PROVIDED DATA:
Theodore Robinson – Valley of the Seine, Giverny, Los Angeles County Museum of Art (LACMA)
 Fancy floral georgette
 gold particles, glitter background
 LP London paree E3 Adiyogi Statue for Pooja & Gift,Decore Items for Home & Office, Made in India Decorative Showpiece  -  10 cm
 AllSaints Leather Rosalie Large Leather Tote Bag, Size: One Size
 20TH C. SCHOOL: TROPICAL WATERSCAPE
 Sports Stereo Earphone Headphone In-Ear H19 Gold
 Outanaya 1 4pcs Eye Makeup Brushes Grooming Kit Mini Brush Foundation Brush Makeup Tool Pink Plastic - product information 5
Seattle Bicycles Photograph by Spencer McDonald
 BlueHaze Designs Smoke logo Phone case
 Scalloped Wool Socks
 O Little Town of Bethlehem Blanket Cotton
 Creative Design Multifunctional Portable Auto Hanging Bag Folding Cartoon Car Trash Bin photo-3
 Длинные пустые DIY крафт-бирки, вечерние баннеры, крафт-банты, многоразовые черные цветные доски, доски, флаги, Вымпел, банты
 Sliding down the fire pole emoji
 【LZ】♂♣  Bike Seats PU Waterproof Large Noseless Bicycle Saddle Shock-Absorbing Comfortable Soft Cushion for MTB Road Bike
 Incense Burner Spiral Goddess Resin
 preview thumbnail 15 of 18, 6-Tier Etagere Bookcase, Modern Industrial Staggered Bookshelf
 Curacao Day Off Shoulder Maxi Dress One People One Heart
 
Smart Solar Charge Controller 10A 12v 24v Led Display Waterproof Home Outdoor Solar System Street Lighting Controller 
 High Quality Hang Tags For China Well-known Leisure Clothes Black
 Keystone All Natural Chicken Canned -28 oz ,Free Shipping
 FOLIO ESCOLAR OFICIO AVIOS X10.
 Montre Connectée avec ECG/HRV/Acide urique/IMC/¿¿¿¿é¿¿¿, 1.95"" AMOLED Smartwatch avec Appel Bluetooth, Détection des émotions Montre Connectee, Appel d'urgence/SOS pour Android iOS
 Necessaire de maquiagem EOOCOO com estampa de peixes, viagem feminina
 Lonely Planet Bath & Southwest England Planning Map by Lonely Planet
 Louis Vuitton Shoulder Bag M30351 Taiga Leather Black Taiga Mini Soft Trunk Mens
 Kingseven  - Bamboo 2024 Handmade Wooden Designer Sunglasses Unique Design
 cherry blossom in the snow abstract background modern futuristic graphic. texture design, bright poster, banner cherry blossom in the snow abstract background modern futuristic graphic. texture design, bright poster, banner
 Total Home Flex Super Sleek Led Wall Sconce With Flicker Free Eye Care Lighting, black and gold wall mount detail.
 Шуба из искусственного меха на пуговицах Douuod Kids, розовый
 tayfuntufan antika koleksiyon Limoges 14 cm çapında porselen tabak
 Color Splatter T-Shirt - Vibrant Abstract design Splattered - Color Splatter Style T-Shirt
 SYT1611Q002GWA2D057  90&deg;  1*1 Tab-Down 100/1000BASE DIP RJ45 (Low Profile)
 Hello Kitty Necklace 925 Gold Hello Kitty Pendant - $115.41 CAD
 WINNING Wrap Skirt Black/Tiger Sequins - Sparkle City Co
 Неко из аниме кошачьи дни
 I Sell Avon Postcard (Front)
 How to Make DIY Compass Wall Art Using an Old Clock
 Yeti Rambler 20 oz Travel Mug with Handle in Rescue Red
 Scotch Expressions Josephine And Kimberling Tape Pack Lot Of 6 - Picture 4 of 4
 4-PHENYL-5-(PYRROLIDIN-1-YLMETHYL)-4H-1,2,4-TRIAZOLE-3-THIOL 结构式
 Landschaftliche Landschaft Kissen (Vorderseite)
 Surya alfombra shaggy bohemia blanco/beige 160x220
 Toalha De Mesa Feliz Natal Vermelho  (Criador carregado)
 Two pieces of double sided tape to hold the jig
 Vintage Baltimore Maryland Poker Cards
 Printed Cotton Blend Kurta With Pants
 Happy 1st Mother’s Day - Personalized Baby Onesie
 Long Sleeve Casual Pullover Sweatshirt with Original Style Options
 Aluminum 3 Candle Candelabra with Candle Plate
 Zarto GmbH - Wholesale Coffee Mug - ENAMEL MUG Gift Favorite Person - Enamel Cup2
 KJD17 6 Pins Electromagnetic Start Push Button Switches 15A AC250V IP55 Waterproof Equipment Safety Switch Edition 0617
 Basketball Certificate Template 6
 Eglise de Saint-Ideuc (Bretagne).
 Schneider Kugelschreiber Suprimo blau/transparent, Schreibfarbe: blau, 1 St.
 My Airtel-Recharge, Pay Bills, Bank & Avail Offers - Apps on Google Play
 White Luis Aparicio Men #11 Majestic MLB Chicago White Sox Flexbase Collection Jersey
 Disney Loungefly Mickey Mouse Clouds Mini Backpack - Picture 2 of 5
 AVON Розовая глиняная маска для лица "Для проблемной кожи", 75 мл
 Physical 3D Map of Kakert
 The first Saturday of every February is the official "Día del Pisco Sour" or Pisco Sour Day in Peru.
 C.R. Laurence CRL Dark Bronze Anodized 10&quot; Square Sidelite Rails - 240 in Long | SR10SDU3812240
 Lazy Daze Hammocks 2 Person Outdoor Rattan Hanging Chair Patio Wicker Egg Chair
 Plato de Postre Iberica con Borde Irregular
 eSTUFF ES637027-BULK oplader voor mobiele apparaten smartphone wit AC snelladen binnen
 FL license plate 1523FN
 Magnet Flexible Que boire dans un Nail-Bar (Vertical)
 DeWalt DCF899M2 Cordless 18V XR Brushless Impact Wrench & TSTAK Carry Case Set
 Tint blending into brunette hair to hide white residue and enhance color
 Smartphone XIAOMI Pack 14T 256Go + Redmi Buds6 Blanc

WORK TO COMPLETE:
Return exactly what appears above, from the first line of the entries to the line with "FOLIO ESCOLAR OFICIO AVIOS X10.", inclusive.

EXPECTED ANSWER:
Theodore Robinson – Valley of the Seine, Giverny, Los Angeles County Museum of Art (LACMA)
 Fancy floral georgette
 gold particles, glitter background
 LP London paree E3 Adiyogi Statue for Pooja & Gift,Decore Items for Home & Office, Made in India Decorative Showpiece  -  10 cm
 AllSaints Leather Rosalie Large Leather Tote Bag, Size: One Size
 20TH C. SCHOOL: TROPICAL WATERSCAPE
 Sports Stereo Earphone Headphone In-Ear H19 Gold
 Outanaya 1 4pcs Eye Makeup Brushes Grooming Kit Mini Brush Foundation Brush Makeup Tool Pink Plastic - product information 5
Seattle Bicycles Photograph by Spencer McDonald
 BlueHaze Designs Smoke logo Phone case
 Scalloped Wool Socks
 O Little Town of Bethlehem Blanket Cotton
 Creative Design Multifunctional Portable Auto Hanging Bag Folding Cartoon Car Trash Bin photo-3
 Длинные пустые DIY крафт-бирки, вечерние баннеры, крафт-банты, многоразовые черные цветные доски, доски, флаги, Вымпел, банты
 Sliding down the fire pole emoji
 【LZ】♂♣  Bike Seats PU Waterproof Large Noseless Bicycle Saddle Shock-Absorbing Comfortable Soft Cushion for MTB Road Bike
 Incense Burner Spiral Goddess Resin
 preview thumbnail 15 of 18, 6-Tier Etagere Bookcase, Modern Industrial Staggered Bookshelf
 Curacao Day Off Shoulder Maxi Dress One People One Heart
 
Smart Solar Charge Controller 10A 12v 24v Led Display Waterproof Home Outdoor Solar System Street Lighting Controller 
 High Quality Hang Tags For China Well-known Leisure Clothes Black
 Keystone All Natural Chicken Canned -28 oz ,Free Shipping
 FOLIO ESCOLAR OFICIO AVIOS X10.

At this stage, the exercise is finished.